-- Opening Marker --
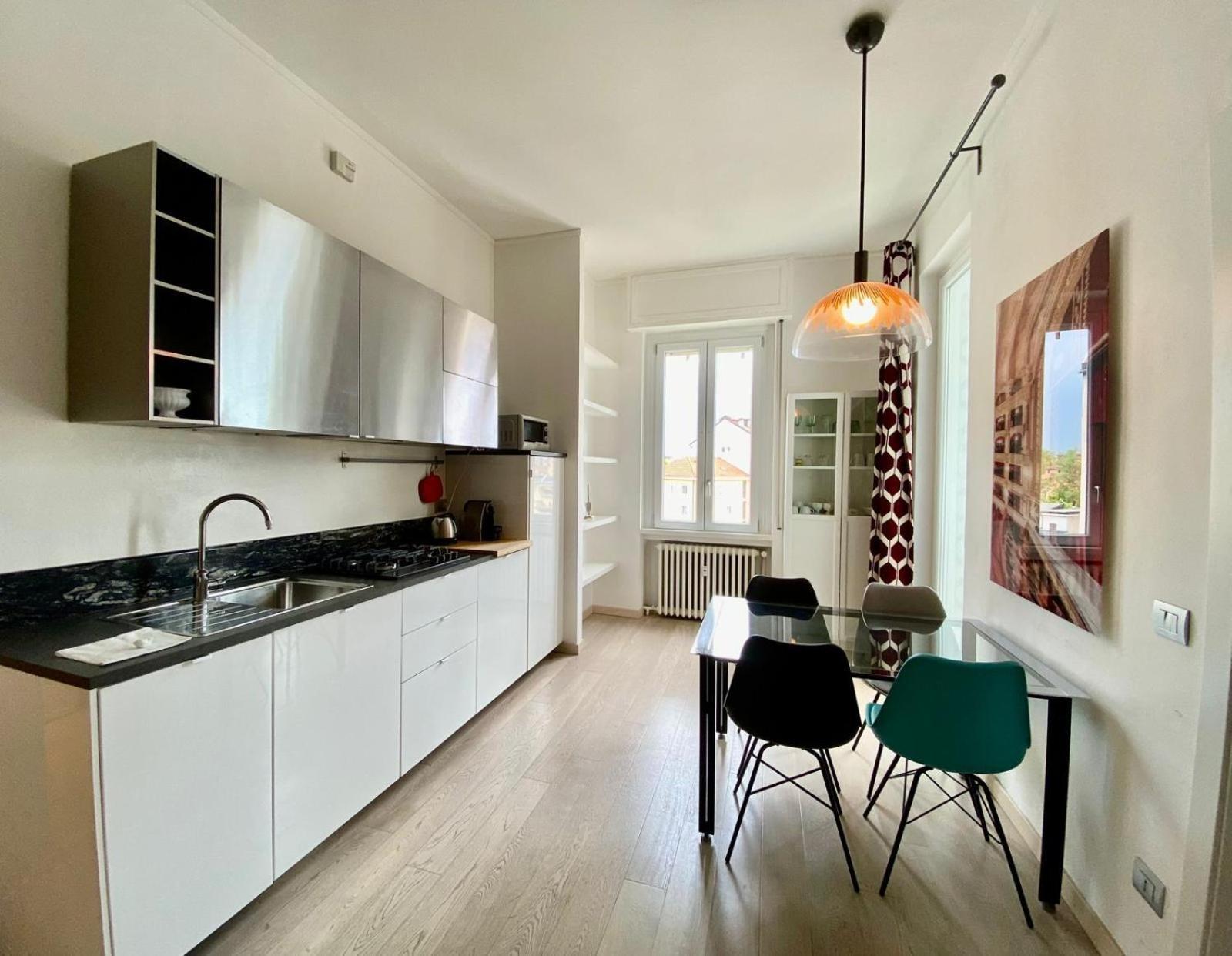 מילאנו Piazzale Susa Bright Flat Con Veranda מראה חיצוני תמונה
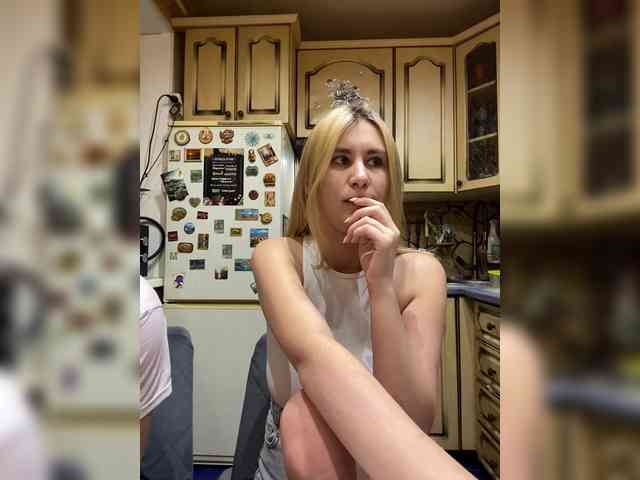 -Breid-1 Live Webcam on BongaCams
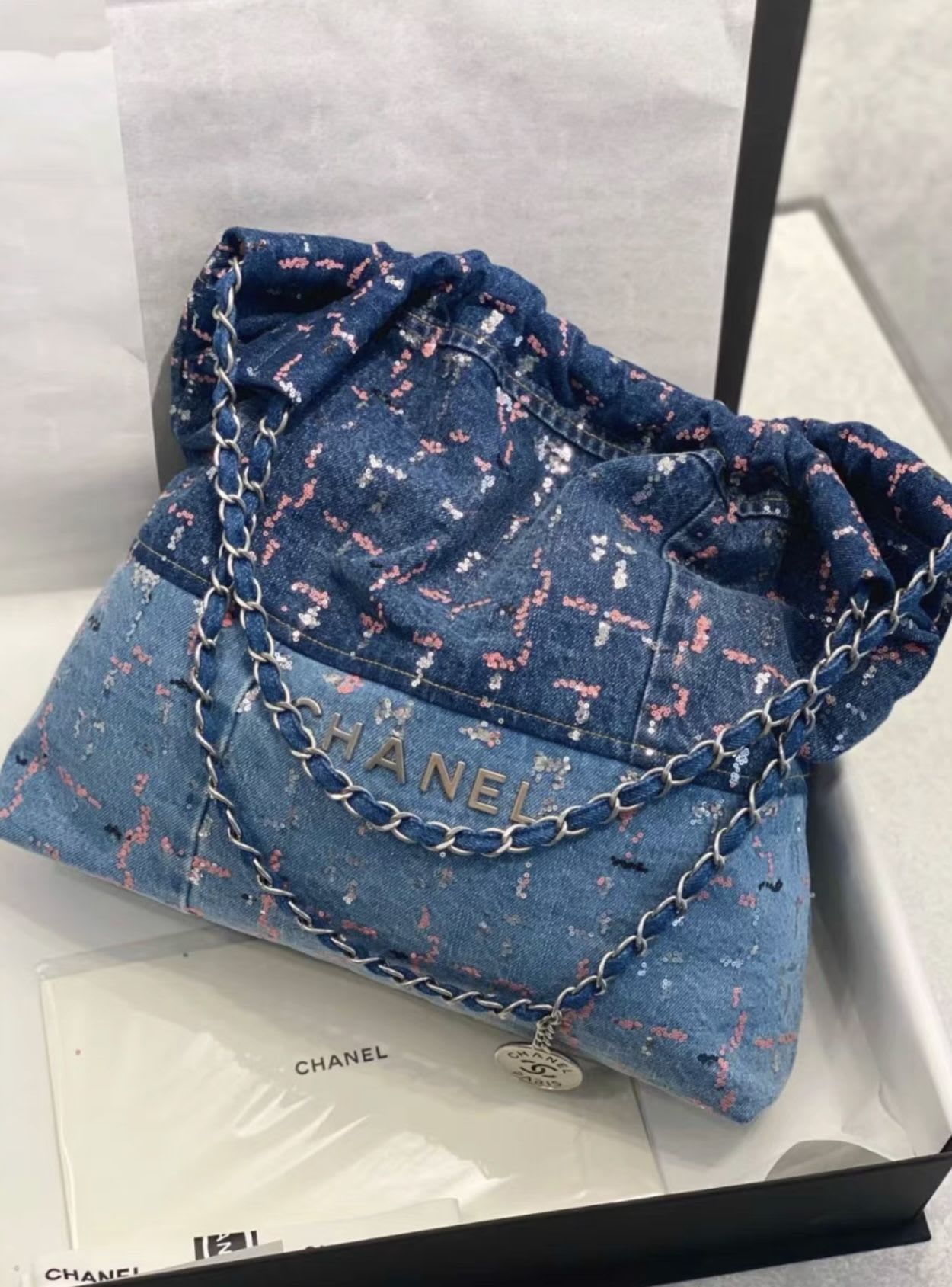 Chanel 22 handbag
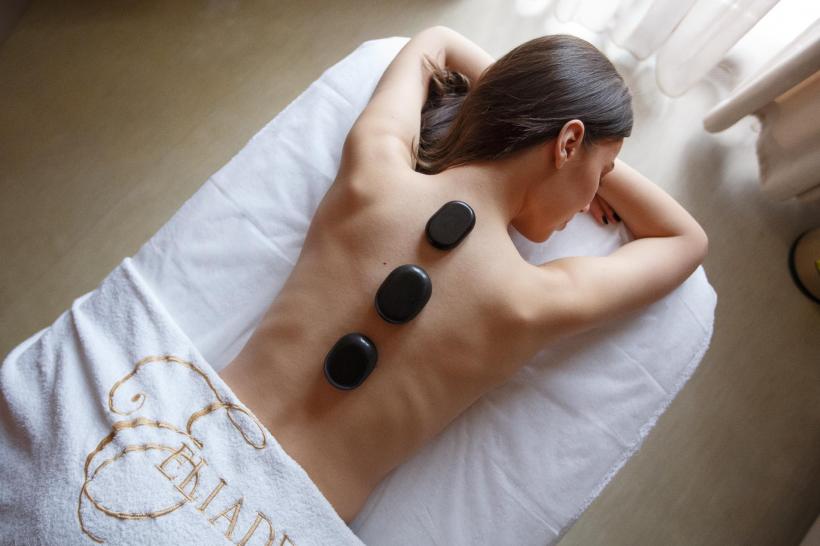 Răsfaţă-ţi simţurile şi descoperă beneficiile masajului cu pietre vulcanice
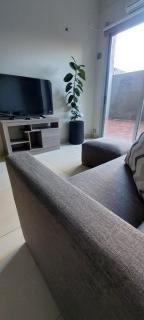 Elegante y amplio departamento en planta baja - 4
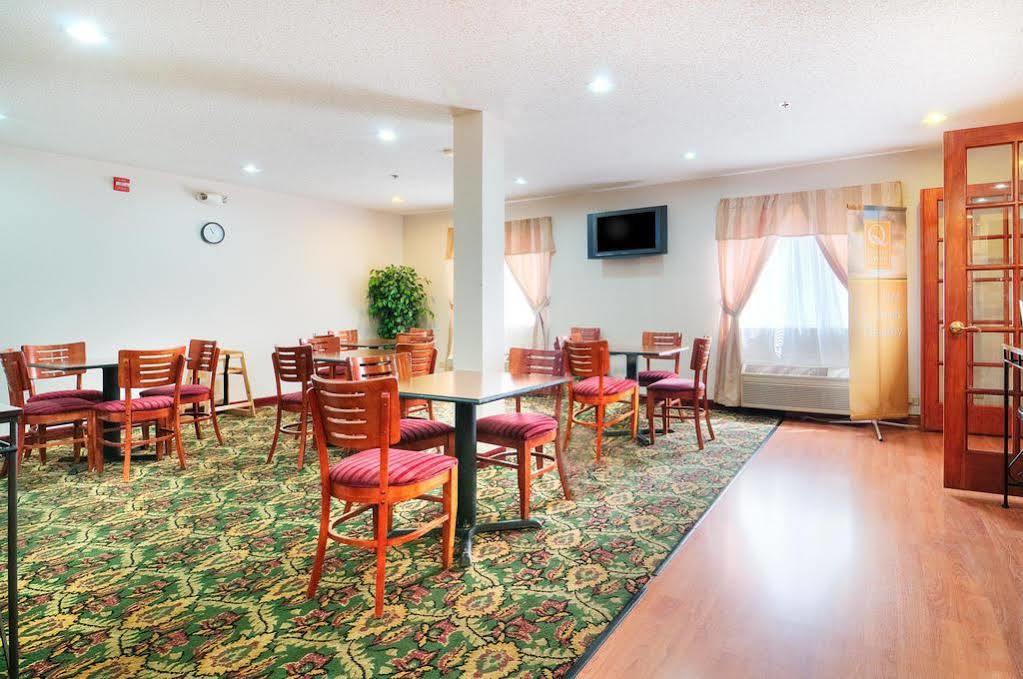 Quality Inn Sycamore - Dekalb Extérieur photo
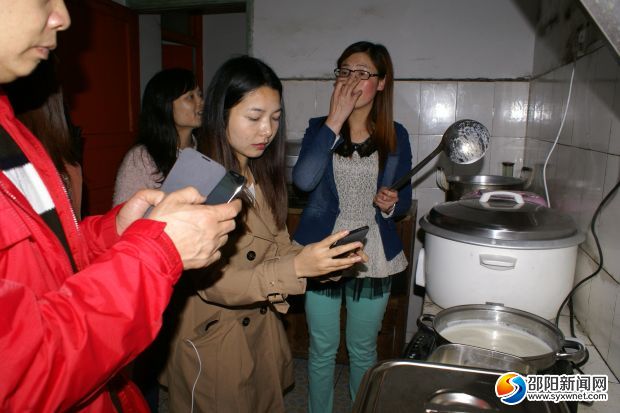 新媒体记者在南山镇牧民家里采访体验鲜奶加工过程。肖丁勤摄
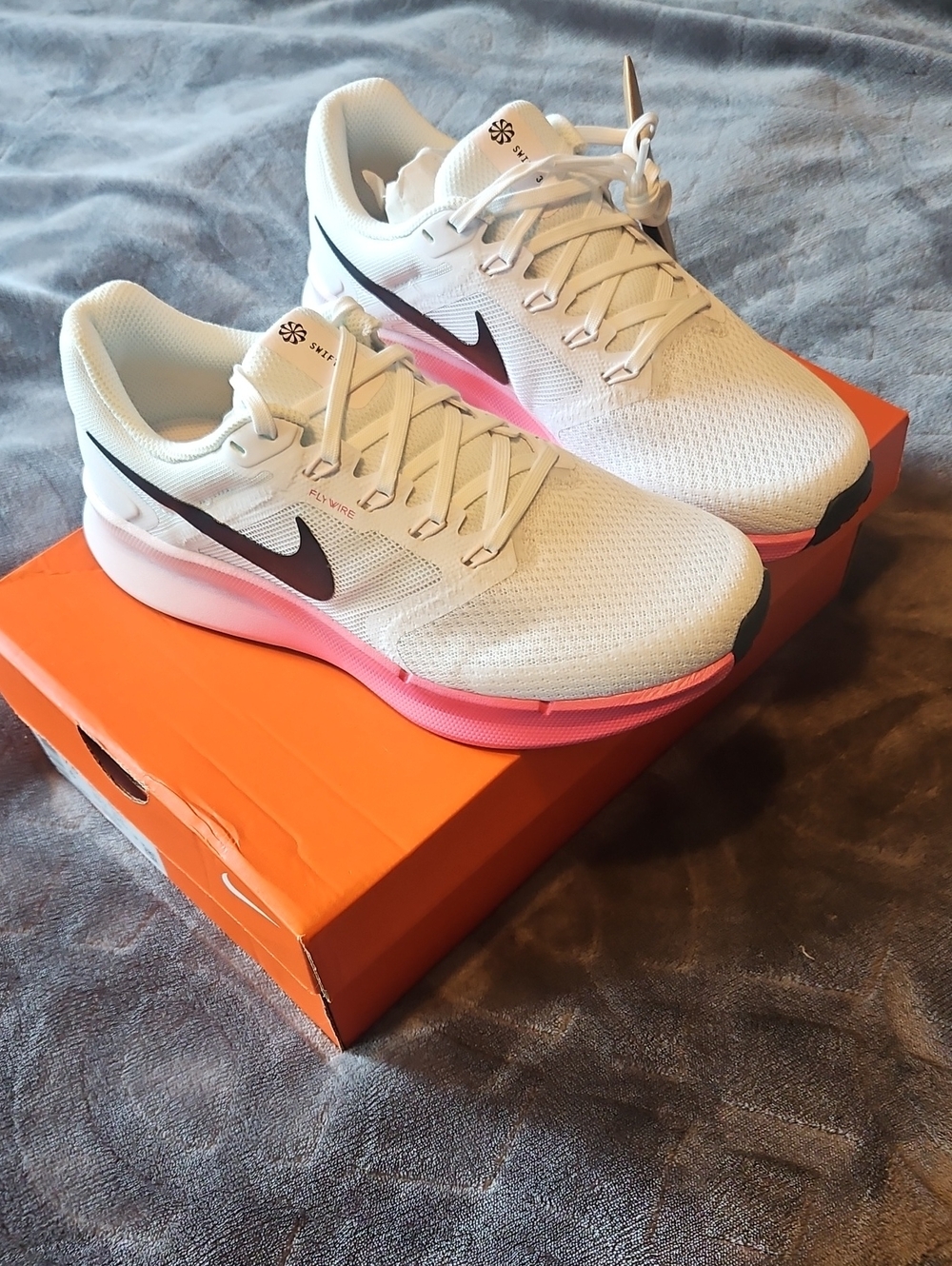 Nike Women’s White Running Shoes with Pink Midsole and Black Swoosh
-- Closing Marker --
• [Assigned task] Reproduce every record exactly; images stay out.

• [Exercise response]
 מילאנו Piazzale Susa Bright Flat Con Veranda מראה חיצוני תמונה
 -Breid-1 Live Webcam on BongaCams
 Chanel 22 handbag
 Răsfaţă-ţi simţurile şi descoperă beneficiile masajului cu pietre vulcanice
 Elegante y amplio departamento en planta baja - 4
 Quality Inn Sycamore - Dekalb Extérieur photo
 新媒体记者在南山镇牧民家里采访体验鲜奶加工过程。肖丁勤摄
 Nike Women’s White Running Shoes with Pink Midsole and Black Swoosh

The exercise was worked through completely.